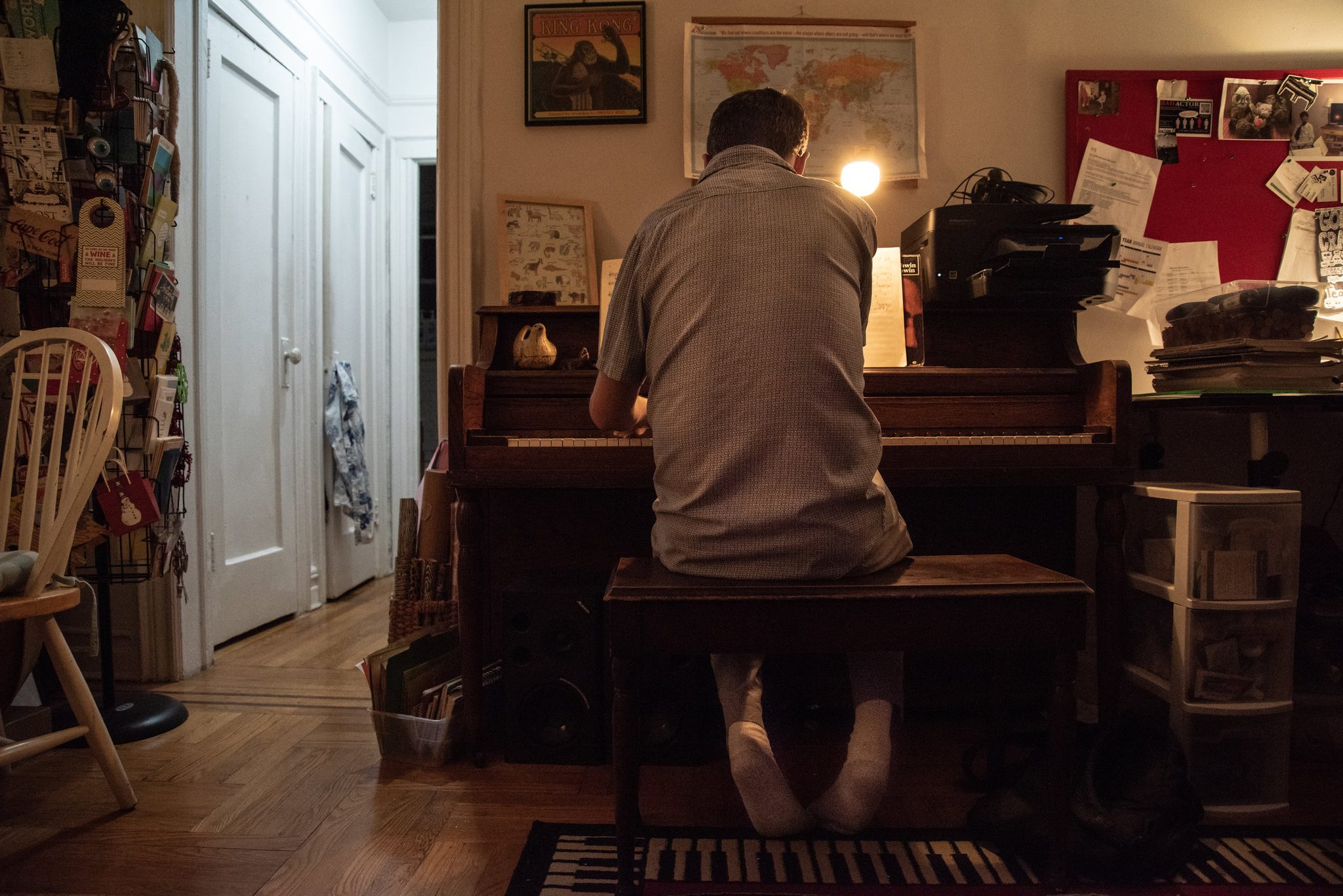 Tom works at the upright in the corner of the apartment, a map of the world pinned above.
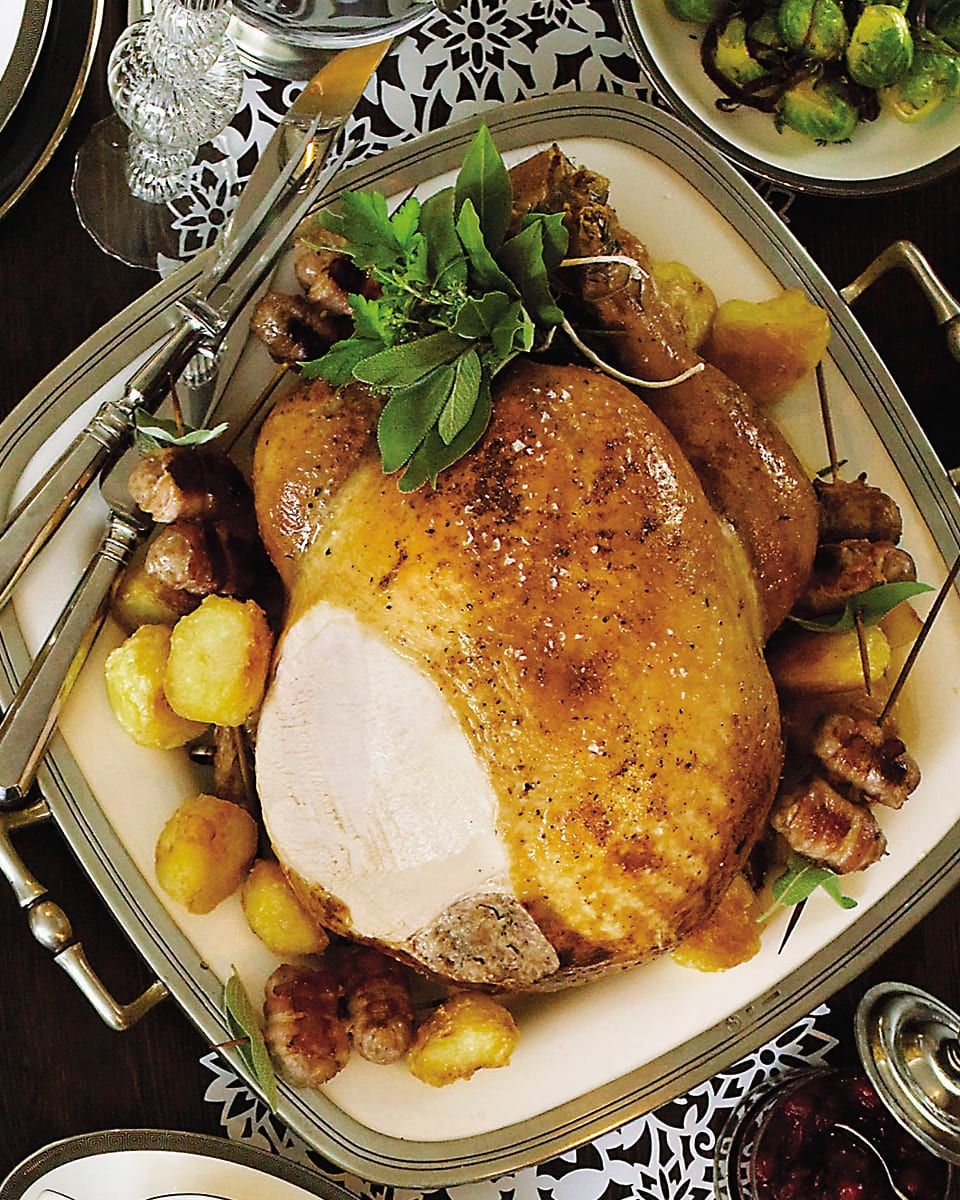 Searching for the best turkey recipe? This is it. A golden roast turkey is stuffed with date, pancetta and sausagemeat stuffing and served on a platter of chipolata pigs in blankets. #christmasdinner #turkey #deliciousfood  buff.ly/2P2Tubu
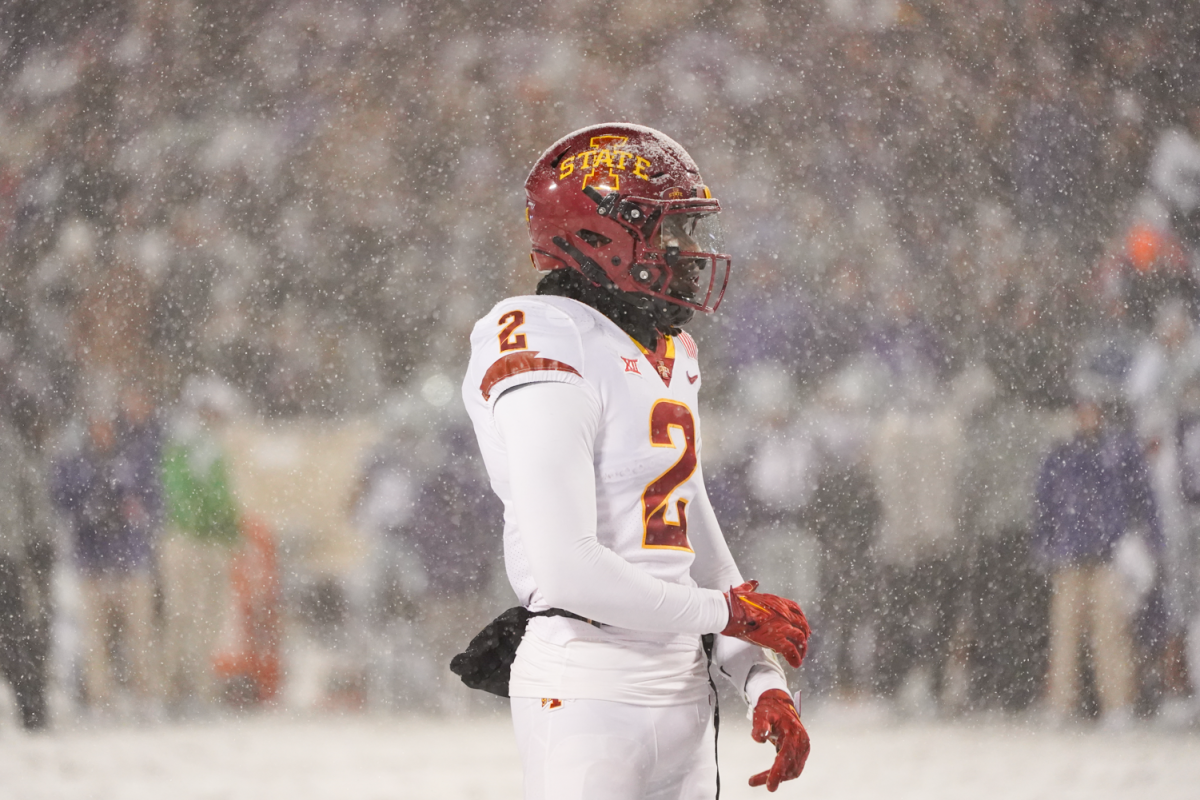 T.J. Tampa adjusts his gloves during the Iowa State vs. Kansas State football game at Bill Snyder Family Stadium on Nov. 25, 2023 in Manhattan, KS.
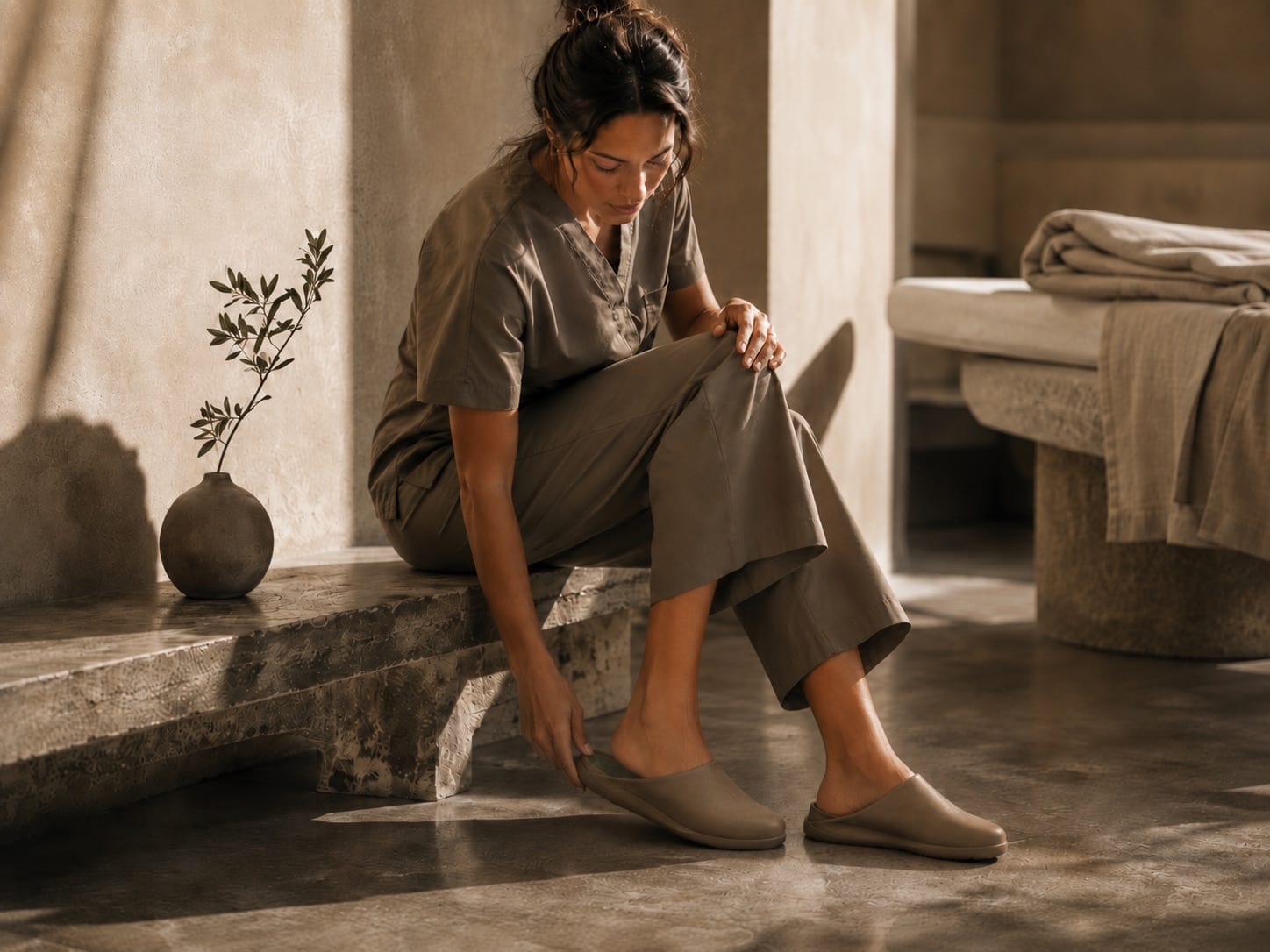 A practitioner in a calm treatment room, easing on a taupe Inyo mule.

### EXERCISE DESCRIPTION
Retyping should start at the first line of the data above and stop after the line with "Searching for the", and no picture should be included.

### ANSWER SPACE
 Tom works at the upright in the corner of the apartment, a map of the world pinned above.
 Searching for the best turkey recipe? This is it. A golden roast turkey is stuffed with date, pancetta and sausagemeat stuffing and served on a platter of chipolata pigs in blankets. #christmasdinner #turkey #deliciousfood  buff.ly/2P2Tubu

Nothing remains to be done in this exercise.